Hong Kong’s Jumbo Floating Restaurant upside down and trapped on a reefjessie tan
Hong Kong’s Jumbo Floating Restaurant has got stuck on a reef in the South China Sea where it capsized in June, but posed no threat to other vessels, according to the mainland Chinese maritime authorities investigating the incident.
A duty officer at the Hainan Maritime Safety Administration on Wednesday (Aug 3) said the floating restaurant was still near the Paracel Islands, known as the Xisha Islands in China, where it had capsized in rough seas in June while en route to its new home in Cambodia.
“We are still looking into the incident. The vessel capsized and keeled over, and was trapped on a reef off Sansha [in Hainan]. As far as I know, this is the latest situation,” said the duty officer.
“We cannot say for sure how much longer the investigation will take. It is being conducted in accordance with the relevant laws.”
Asked if the wrecked vessel could affect sea traffic, the officer said: “Presently there is no threat to the safety of navigation in the area.”
But the officer declined to discuss the condition of Jumbo or whether authorities would help recover the vessel.

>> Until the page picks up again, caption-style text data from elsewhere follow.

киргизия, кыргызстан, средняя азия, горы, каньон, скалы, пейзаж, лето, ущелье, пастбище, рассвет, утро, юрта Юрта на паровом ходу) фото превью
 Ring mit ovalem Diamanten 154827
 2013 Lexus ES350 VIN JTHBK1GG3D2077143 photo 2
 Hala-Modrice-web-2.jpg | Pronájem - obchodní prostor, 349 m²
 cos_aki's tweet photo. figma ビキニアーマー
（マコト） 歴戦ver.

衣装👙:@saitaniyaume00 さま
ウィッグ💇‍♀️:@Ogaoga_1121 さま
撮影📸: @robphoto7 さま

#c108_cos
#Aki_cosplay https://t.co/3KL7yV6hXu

A spokesman for the Hong Kong Marine Department said it had no further update on the case as mainland authorities were handling it.
The owner of Jumbo, Aberdeen Restaurant Enterprises, has been approached for comment.
The iconic restaurant left Hong Kong for a new home in June, but days after its departure it capsized near the Paracel Islands. At the time, its owner said Jumbo “encountered adverse conditions” and water entered the vessel and it capsized. But it said the vessel had not sunk.
The restaurant was being towed by Jaewon 9, a pusher tug sailing under the South Korean flag. The crew members were reportedly assisting the investigation in Sanya port of Hainan Island.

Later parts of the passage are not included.